• **Information shown**
▼▼▼

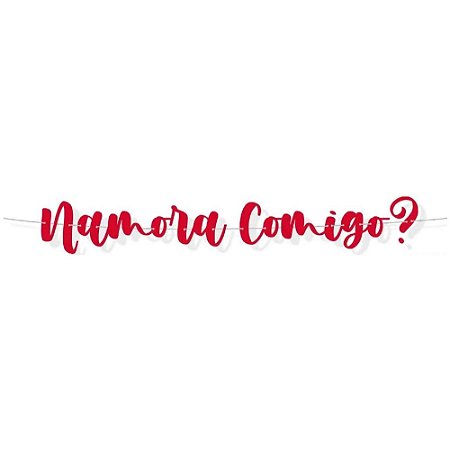 Faixa Namora Comigo Lettering Romântica Vermelha 1,20m Cromus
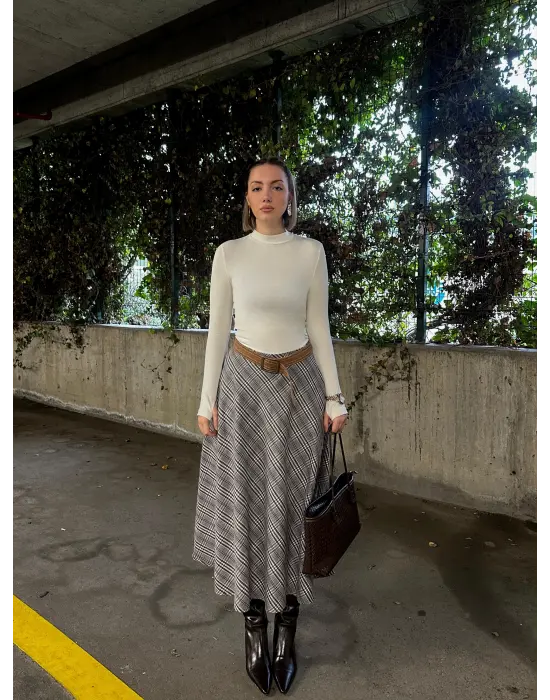 Volanlı Cepli Gri Ekose Oduncu Etek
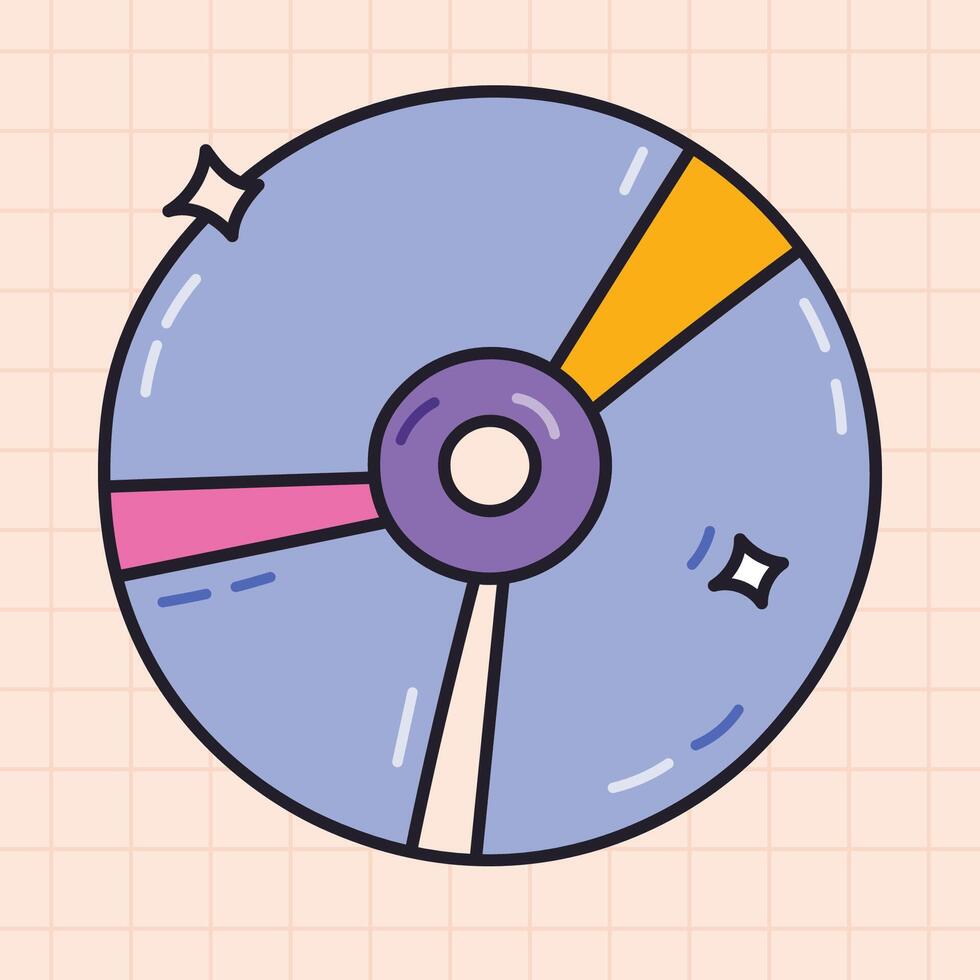 Groovy doodle of CD and DVD compact disc from 90s and 00s. Retro CD rom for multimedia, music or film playing as badge of Y2k. Nostalgia for 1990s aesthetic. Hand drawn computer software with outline. vector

▲▲▲

• **Work request**
Repeat the material above word for word, please, apart from its images.

• **Response for this exercise**
 Faixa Namora Comigo Lettering Romântica Vermelha 1,20m Cromus
 Volanlı Cepli Gri Ekose Oduncu Etek
 Groovy doodle of CD and DVD compact disc from 90s and 00s. Retro CD rom for multimedia, music or film playing as badge of Y2k. Nostalgia for 1990s aesthetic. Hand drawn computer software with outline. vector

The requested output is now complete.